Non dimentichiamo che in 142 pagine la Corte dei conti inchioda Occhiuto e la sua maggioranza, la deliberazione n.66/2019 ha effettuato le valutazioni sull’andamento, negli esercizi 2015,2016, 2017, 2018, del Piano di riequilibrio finanziario pluriennale del Comune di Cosenza facendo emergere criticità tali da far ritenere sussistente il “grave e reiterato mancato rispetto degli obiettivi intermedi fissati dal PRFP”. Appare di estrema evidenza – scrive la Corte dei Conti – che il “Comune di Cosenza non è stato in grado di assumere idonee misure per garantire l’aumento delle riscossioni e lo smaltimento della spesa decorsi sei anni dal percorso di risanamento, e che, in assenza di eventi eccezionali – allo stato neppure prospettati – e tenuto conto di quanto esposto nella presente deliberazione, non potrà, nei restanti tre anni, recuperare il disavanzo pregresso non ripianato nonché l’ingente deficit formatosi durante la vigenza del Piano”.

Va aggiunto inoltre che alla “spesa dichiarata in Bilancio vanno aggiunte tutte le passività non formalizzate, in quanto fuori bilancio o occulte”. Si è potuto ricostruire che oltre 30 milioni di debiti sono, allo stato, non contemplati nel bilancio di Cosenza per ammissione dello stesso Comune. È evidente, dunque, che la gestione Occhiuto e la sua maggioranza ha trascinato la città nel baratro. E siamo certi che anche il Documento che domani verrà discusso in Consiglio sarà posto all’attenzione della Corte dei conti visto che il sindaco continua a ripercorre gli errori fatti negli anni precedenti. Si torna a percorrere la stessa strada e a commettere gli stessi errori nonostante la dichiarazione di dissesto finanziario dell’Ente.
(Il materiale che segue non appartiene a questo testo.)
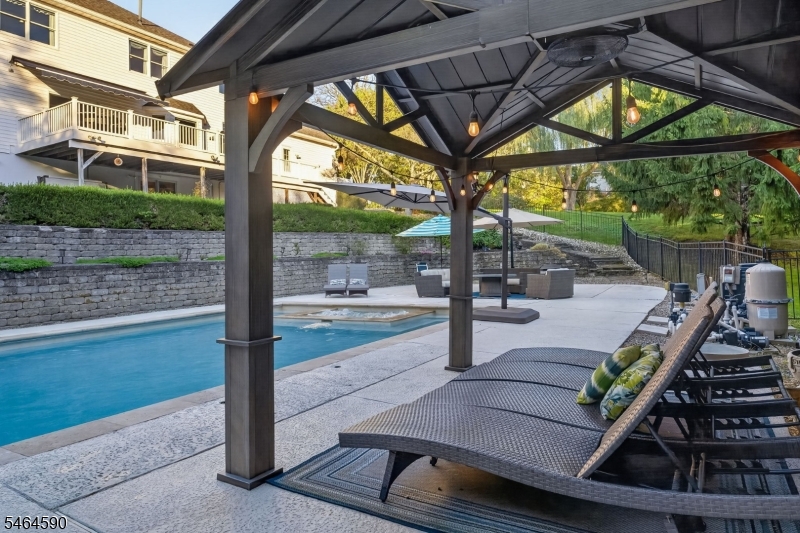 8 Chaucer Drive Clinton NJ 08801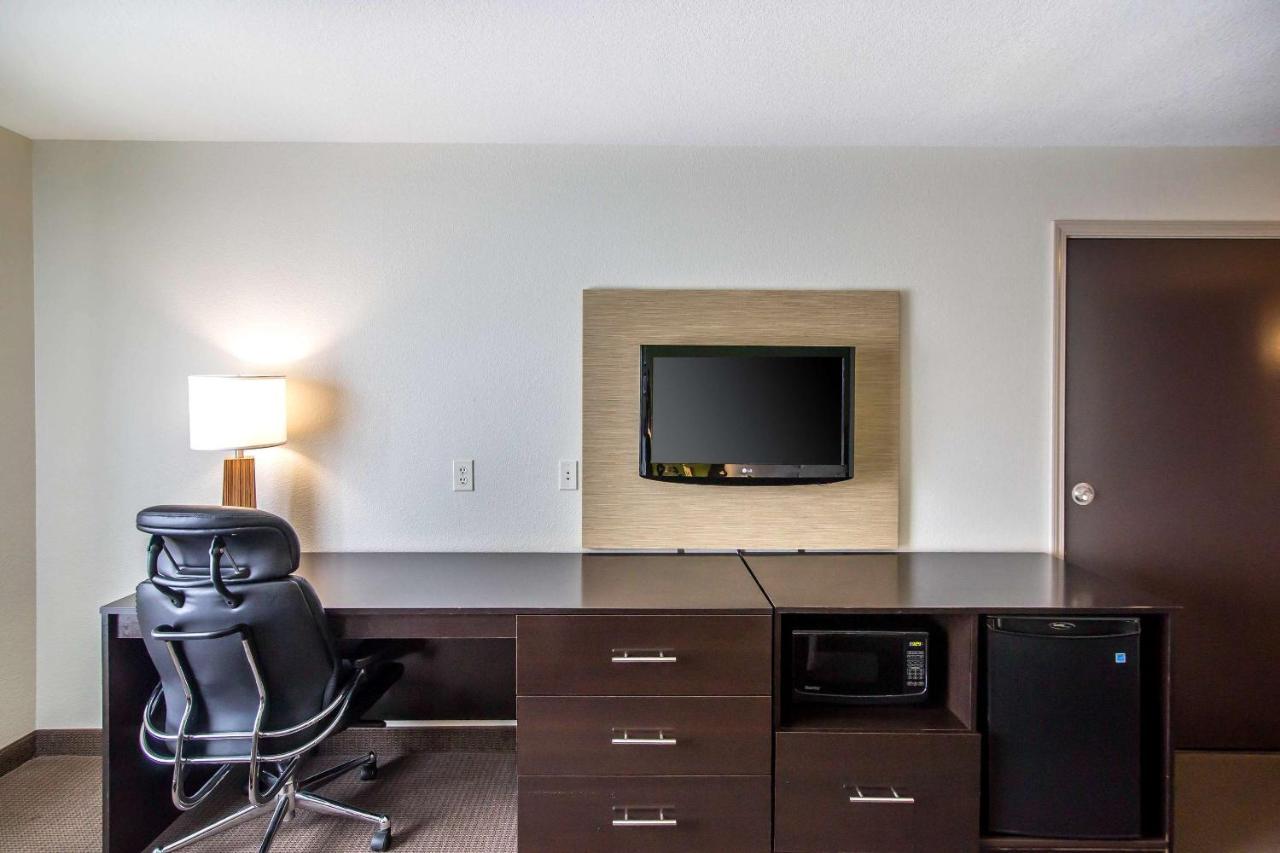 | Sleep Inn & Suites Haysville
Basta fare un esempio: il costo della depurazione. A fronte di una spesa di 2,5 milioni erano stati messi in bilancio inizialmente solo 400 mila euro, poi diventati 1,3 milioni.

Domani saremo in Aula a denunciare ancora una volta le gravi e reiterate irregolarità di questa amministrazione. Non saremo noi a garantire il numero legale perché prima finisce questa esperienza amministrativa, meglio è per i cosentini. La nostra posizione è sempre stata chiara ma c’è chi ha tenuto la stampella a questa maggioranza. È arrivato il momento di dare la parola ai cittadini!”